Two voices were speaking inside a cabin on the coast of Donegal. The season was mid-winter; the time an hour before the dawn of a cheerless morning. Within the hovel there was neither light nor warmth; the rushlight had gone out and the turf piled on the hearth refused to burn. Outside a gale was blowing, the door, flimsy and fractured, creaked complainingly on its leathern hinges, the panes of the foot-square and only window were broken, the rags that had taken their places had been blown in during the night, and the sleet carried by the north-west wind struck heavily on the earthen floor. In the corner of the hut a woman coughed violently, expending all the breath in her body, then followed a struggle for air, for renewed life, and a battle against sickness or death went on in the darkness. There was silence for a moment, then a voice, speaking in Gaelic, could be heard again.

“Are you away, Norah?”

“I am just going, mother. I am stopping the window to keep the cold away from you.”

“God bless you, child,” came the answer. “The men are not coming in yet, are they?”

“I don’t hear their step. Now the window is all right. Are you warm?”

“Middling, Alannah.
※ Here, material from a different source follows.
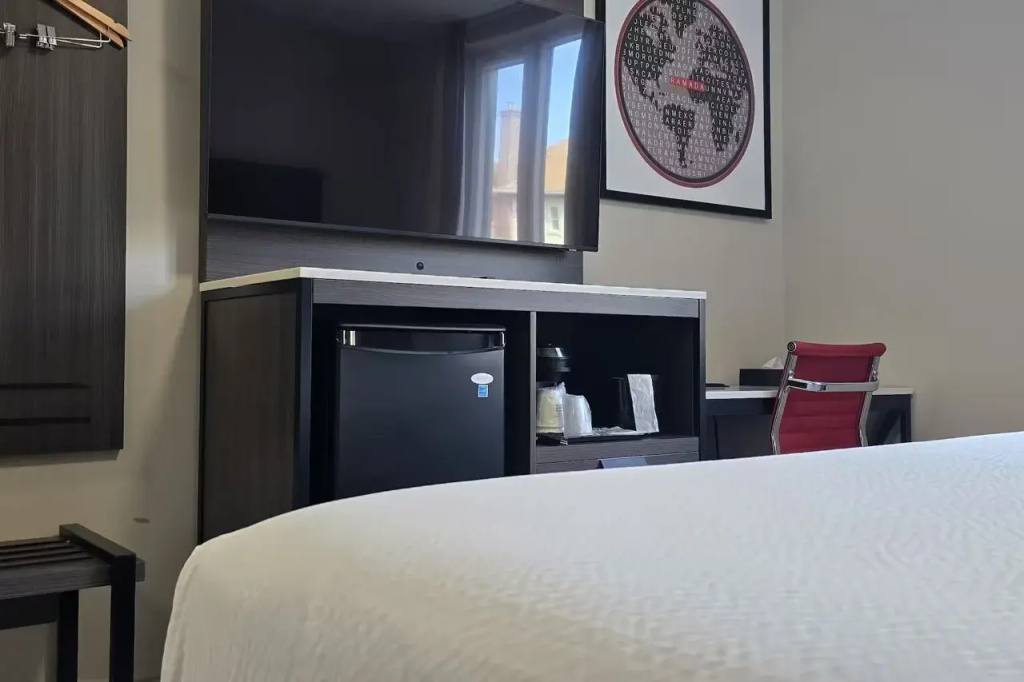 Hotel gallery 1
Did you take the milk for your breakfast?”

“I left some for you in the jug,” came the reply. “Will you take it now?”

“That is always the way with you, Norah,” said the woman in a querulous voice. “You never take your meals, but always leave them for somebody else. And you are getting thinner on it every day. I don’t want anything, for I am not hungry these days; and maybe it is God Himself that put the sickness on me so that I would not take away the food of them that needs it more than I do. Drink the milk, Norah, it will do you good.”
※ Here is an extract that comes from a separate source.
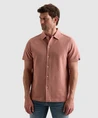 PME Legend Overhemd Effen Regular Fit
There was no answer. A pale-faced little girl lifted the latch of the door and looked timorously out into the cold and the blackness. The gale caught her and for a moment she almost choked for breath. It was still intensely dark, no colour of the day was yet in the sky. The wind whistled shrilly round the corners of the cabin and a storm-swept bird dropped to the ground in front of the child. She looked back into the gloomy interior of the cabin and for a moment thought of returning. She was very hungry, but remembered her father and brother who would presently come in from the fishing, probably, as they had come in for days, with empty boats and empty stomachs. Another fit of coughing seized the mother, and the girl went out, shutting the door carefully behind her to stay the wrath of the wind which swept violently across the floor of the house.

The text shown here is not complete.